Recipe for Indo Chinese Veg Schezwan fried rice. This home style veg fried rice made Indian chinese style with sauces and store bought sauce / masala is a winner. Recipe with step by step pictures. Try this amazing Indo Chinese Veg Schezwan fried rice at home today.
Schezwan veg fried rice is the answer for everyone who loves to have their Indo Chinese fixings spicy. The main thing about the schezwan veg fried rice is the schezwan paste / masala that gives the heat and taste. I have used store bought schezwan chilli paste today. Its available in all major stores and tastes very good too.
Schezwan Fried rice is very easy to make when you have the mise en place ready. Just like the veggie trinity mirepoix in western cooking, there is a holy trinity of veggies in Chinese cooking too! Its the combination of Ginger, Garlic and Scallions / Spring onions. Use them generously whenever you make chinese food!!!
First, lets talk about the rice. We will be using basmati rice for making fried rice. The whole idea is to get the texture right. Its very important that the grains of rice do not turn mushy. Here is how I do it. Wash and soak the basmati rice in water for 30 minutes. Drain the water. Add 1.5 cups of water to every cup of rice used. Cook in a pressure cooker, medium flame – for exactly 2 whistles. Switch off the flame and allow it to rest for 15 minutes. The pressure will release on its own during that time.
After 15 minutes, open the cooker and fluff up the rice. Immediately, transfer the rice to 2-3 plates to cool it down completely. The rice needs to be completely cool before you start cooking the fried rice.
Note: For a very dry rice, release the pressure manually after 5 minutes.
Now lets talk about the flame. High heat is very important in chinese cooking. The chinese restaurants use heavy burners that can cook and slightly char the veggies and meat in seconds. Even though, we cannot replicate that at home, keep the flame of the gas stove to the maximum it will go. Cooking the veggies on high heat will give it a slight char and flavour that’s desirable.
Now, lets make the Schezwan fried rice with loaded vegetables.
Heat oil in a pan and add in the finely minced garlic and finely minced ginger. Fry for a couple of minutes. No need to fry for a long time.
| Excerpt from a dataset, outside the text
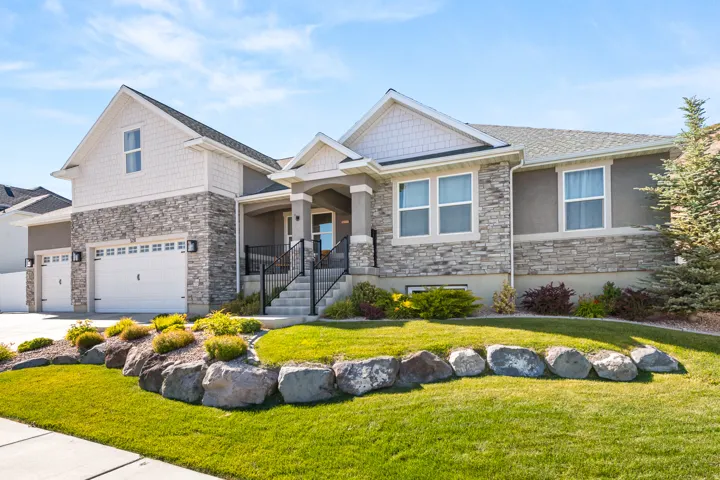 528 W Autumn Hills Blvd, Lehi, Utah 84048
Just a couple of minutes is enough.
Now comes the veggies. I do not like to use a lot of types of veggies in my fried rice. But its totally up to you. You can use whatever you find in your fridge. I have used finely chopped carrots, beans and a little cabbage. The flavour of cabbage is very essential for fried rice. You may add capsicum, corn, mushrooms etc… depending on what you like. Make sure you chop them as fine as possible so it cooks quickly! I have added roughly about two cups of veggies.
Take a bowl and add in the salt, pepper powder, sugar and the sauces. The little sugar will balance the taste. Mix well. Add a little water if the sauce is too thick. If you want a very spicy fried rice, add a little more of the Schezwan paste. You can also add red chilli flakes if you like.
Add in the sauces to the pan. Saute for a couple of minutes.
Add in the cooled rice. Saute for a couple of minutes more. Cold rice works best while making any kind of fried rice. Overnite rice is the best.
Add in the chopped spring onions. Mix well.
Add in the capsicum. I like to add the capsicum at last so it stays crunchy. Finally add in the butter. Butter is the secret to a good restaurant style fried rice. It gives a delicious flavour to the rice and makes it really rich.
Briefly saute for a minute and switch off the flame.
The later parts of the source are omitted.